The studies on occupational and education differences in work exit can be complemented by research investigating the association between the psychosocial working environment and retirement. As already referred to in the theoretical notions, one of the main challenges of summarizing the findings is that different operationalizations of job demands, job resources, etcetera are used. For example, job resources are frequently operationalized as job control, but can also refer to opportunities to develop or to skill discretion (Browne et al., 2019). As such, results from two studies are hardly ever directly comparable.
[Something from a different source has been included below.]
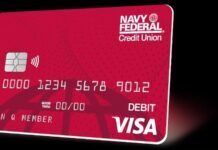 Navy Federal Card Activation: How to Activate Your Credit or Debit Card Navy Federal Card Activation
A recent review by Browne et al. (2019) aims at summarizing prior research of a large range of psychosocial working conditions (job demands, job resources, social support, effort-reward imbalance, organizational resources, and job satisfaction) and their relationship with actual retirement. The findings of their review, relying on 46 papers reporting on 81 analyses, are summarized in the table below (based on Table 9.1 in Browne et al., 2019). The authors showed that job resources were related to later retirement in 16 out of 28 reviewed analyses. When considering job control only, the way that job resources were mostly operationalized, 10 of 18 reviewed papers indicated they contributed to later retirement, while the remaining eight analyses reported null results. For job demands, most analyses (18/22) showed no significant association with retirement, and only two of the reviewed analyses reported earlier retirement and two later retirement with higher job demands. When regarding retirement intentions (not shown in Table 9.1) rather than actual retirement, the picture is more as expected: job demands were related to earlier retirement intentions in 5 of 13 analyses, and yielded null results in the remaining eight (Browne et al., 2019). Social support was related to actual later retirement in 6/14 studies, but insignificant associations were reported in 7/14 studies. Other working conditions that were included in the review were satisfaction, job insecurity, organizational resources, and effort-reward imbalance. For each of those working conditions, very few analyses were existent and the results mostly insignificant, not allowing to draw clear conclusions of their association with retirement. Summarizing the results, it appears that a good working environment, such as job resources and social support, are generally found to relate to later retirement. For job demands, prior evidence is less straightforward, and most previous studies did report null results for their relation with retirement. Putting this in the theoretical context, it might imply that job demands are not per se problematic, as long as individuals are equipped with the right working environment, such as job control, job resources, or social support, to deal with them.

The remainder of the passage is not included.